Due to the scale of the datasets the obvious approach is to try and minimise the work by computationally looking for matches. This is the approach we attempted when trying to solve this same problem for the musicSpace project (precursor to MusicNet).

Alignment Prototype 1: Alignment API

In musicSpace we used Alignment API to compare composers names as strings. Alignment API calculates the similarity of two strings and produces a metric used to measure how closely they match. It also uses WordNet to enable word stemming, synonym support and so on.

We had interns create a system that would produce Google Doc spreedsheets as outputs of data-set comparisons. The spreedsheet consisted of a column of composer names from one data set, next to a column of composer names from the data set to compare and finally the similarity metric.
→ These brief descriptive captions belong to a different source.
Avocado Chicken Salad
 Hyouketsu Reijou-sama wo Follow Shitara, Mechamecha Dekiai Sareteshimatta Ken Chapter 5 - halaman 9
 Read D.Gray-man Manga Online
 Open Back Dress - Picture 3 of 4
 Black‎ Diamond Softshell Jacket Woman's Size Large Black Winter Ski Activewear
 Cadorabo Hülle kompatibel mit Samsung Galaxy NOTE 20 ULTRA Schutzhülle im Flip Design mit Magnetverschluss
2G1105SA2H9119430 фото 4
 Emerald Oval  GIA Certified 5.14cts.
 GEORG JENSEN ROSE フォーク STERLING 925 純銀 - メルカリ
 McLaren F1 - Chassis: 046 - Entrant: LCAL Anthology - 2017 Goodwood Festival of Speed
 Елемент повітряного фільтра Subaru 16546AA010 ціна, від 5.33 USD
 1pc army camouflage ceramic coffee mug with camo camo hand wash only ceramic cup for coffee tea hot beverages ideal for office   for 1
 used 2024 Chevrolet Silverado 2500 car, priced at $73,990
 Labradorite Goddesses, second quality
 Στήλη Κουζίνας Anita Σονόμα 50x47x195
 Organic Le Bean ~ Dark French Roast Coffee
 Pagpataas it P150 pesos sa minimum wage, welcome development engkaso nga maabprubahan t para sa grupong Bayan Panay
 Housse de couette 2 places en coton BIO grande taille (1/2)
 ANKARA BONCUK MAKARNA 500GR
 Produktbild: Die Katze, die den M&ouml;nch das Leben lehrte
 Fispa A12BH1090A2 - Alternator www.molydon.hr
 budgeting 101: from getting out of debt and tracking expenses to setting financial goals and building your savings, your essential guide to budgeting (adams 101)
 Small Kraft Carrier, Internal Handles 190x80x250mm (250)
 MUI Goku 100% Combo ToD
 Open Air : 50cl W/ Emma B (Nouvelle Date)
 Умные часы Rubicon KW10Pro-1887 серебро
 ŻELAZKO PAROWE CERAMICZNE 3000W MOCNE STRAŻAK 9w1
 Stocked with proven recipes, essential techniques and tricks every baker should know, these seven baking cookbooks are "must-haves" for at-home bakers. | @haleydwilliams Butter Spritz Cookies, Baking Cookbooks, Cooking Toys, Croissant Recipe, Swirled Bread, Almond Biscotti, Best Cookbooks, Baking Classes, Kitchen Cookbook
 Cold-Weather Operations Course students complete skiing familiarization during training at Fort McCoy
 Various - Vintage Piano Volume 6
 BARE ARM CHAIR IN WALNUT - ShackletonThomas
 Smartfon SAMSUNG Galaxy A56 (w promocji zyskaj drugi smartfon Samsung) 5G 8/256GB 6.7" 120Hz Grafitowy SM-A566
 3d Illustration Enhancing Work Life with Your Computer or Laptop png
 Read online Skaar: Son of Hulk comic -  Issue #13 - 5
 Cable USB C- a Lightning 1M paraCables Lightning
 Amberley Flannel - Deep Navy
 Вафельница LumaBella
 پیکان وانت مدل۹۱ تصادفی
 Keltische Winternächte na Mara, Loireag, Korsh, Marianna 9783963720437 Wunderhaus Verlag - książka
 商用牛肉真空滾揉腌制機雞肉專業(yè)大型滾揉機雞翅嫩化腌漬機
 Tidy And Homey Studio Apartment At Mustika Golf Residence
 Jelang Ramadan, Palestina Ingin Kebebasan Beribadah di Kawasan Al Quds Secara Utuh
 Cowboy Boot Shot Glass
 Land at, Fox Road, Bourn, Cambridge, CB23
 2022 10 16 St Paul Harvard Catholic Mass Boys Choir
The spreedsheets were produced to allow a musicologist with domain knowledge to validate the results. From investigating the results it was quickly clear that this approach had a number of flaws:

Problem 1: Similarity threshold

The threshold where to consider a match to be significantly similar was very hard to define. False positives began to appear with very high scores. This is obvious in the above image where “Smith, John Christopher I” is considered to be the same as “Smith, John Christopher II” purely because there is only one character different.

Problem 2: Proper-nouns

Composer names are proper-nouns and as such don’t work well with WordNets spelling correction. For example a “Bell, Andrew” might not be a spelling mistake of “Tell, Andrew“.

Problem 3: No context

The spreedsheet didn’t offer our Musicologist expert any context for the names. As Alignment API just compares strings we weren’t able to provide additional metadata such as data set source or a link to find more information about the specific composer.

The lack of this additional context proved to be the most crucial, without it there was no way that our expert could say for sure that two strings were indeed a match.

Alignment Prototype 2: Custom Tool

The first attempt was unsuccessful but having learned from the failings of the first attempt we decided to have another go. A completely automated solution was out of the question so we decided to turn our efforts to a custom tool that could quickly enable our expert to find all the relevant matches across data sets.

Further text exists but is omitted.